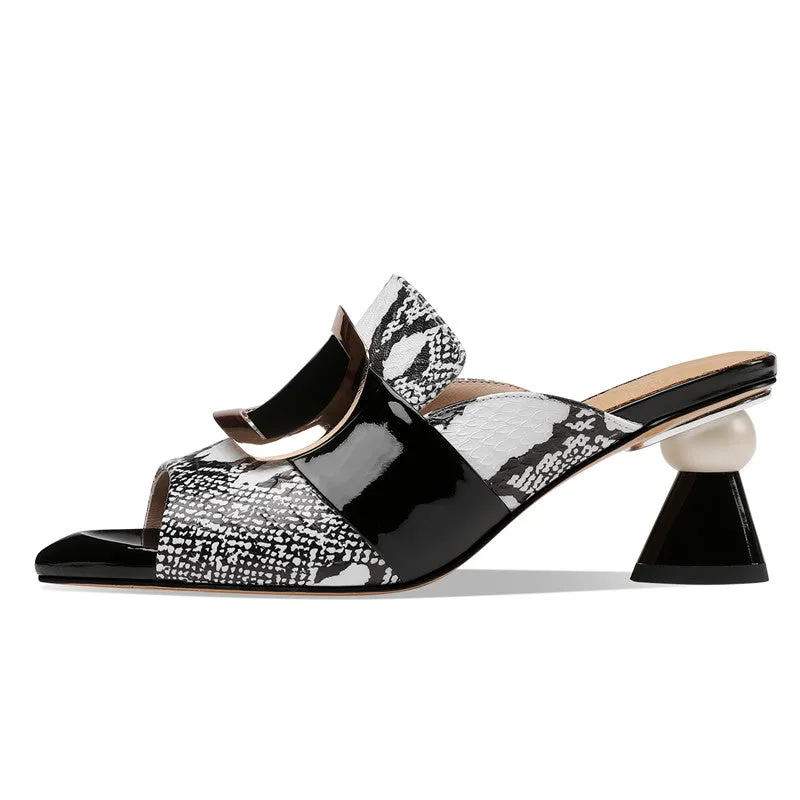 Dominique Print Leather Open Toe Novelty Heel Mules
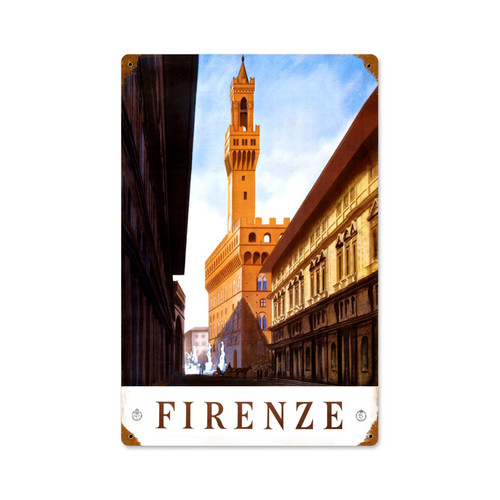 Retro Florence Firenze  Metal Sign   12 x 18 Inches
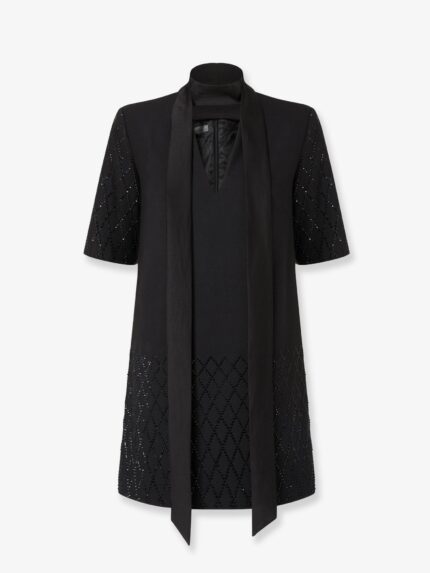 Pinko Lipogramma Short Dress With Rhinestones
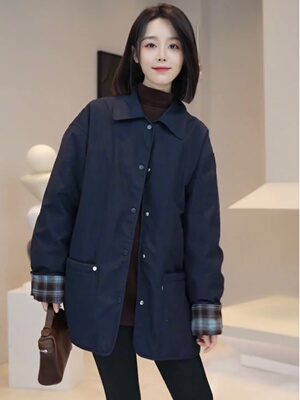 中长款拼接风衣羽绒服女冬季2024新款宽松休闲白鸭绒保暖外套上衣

...

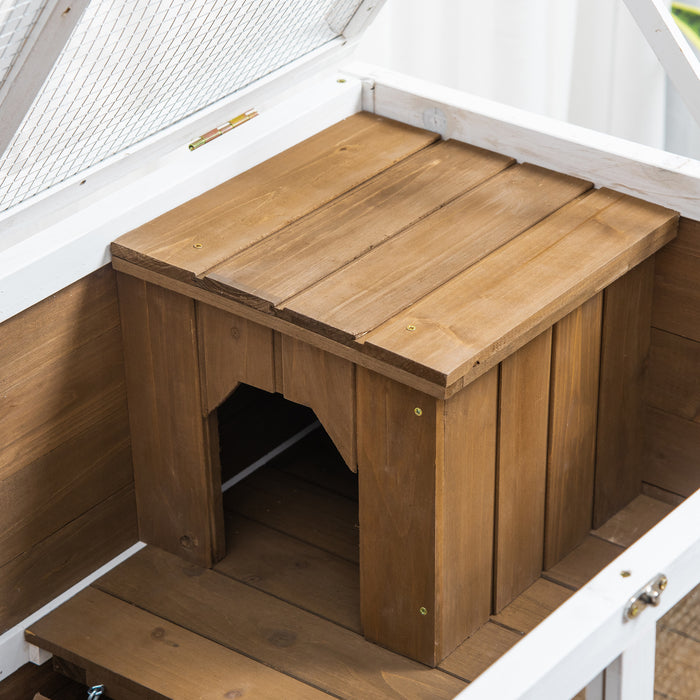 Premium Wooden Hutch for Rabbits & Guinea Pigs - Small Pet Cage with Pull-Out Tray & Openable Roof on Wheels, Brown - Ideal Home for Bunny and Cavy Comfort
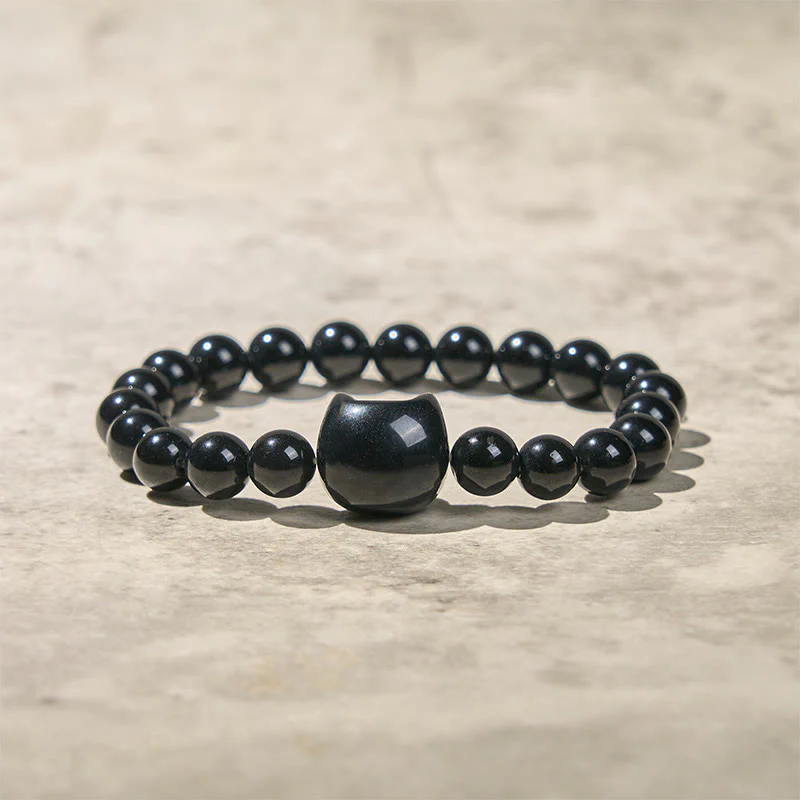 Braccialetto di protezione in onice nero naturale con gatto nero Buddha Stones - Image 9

● **Problem statement**:
In the records above, everything from the line with "Pinko Lipogramma Short" down to the line with "中长款拼接风衣羽绒服女冬季2024新款宽松休闲白鸭绒保暖外套上衣" must be duplicated exactly, both lines kept. Leave no pictures in.

● **Response**:
 Pinko Lipogramma Short Dress With Rhinestones
 中长款拼接风衣羽绒服女冬季2024新款宽松休闲白鸭绒保暖外套上衣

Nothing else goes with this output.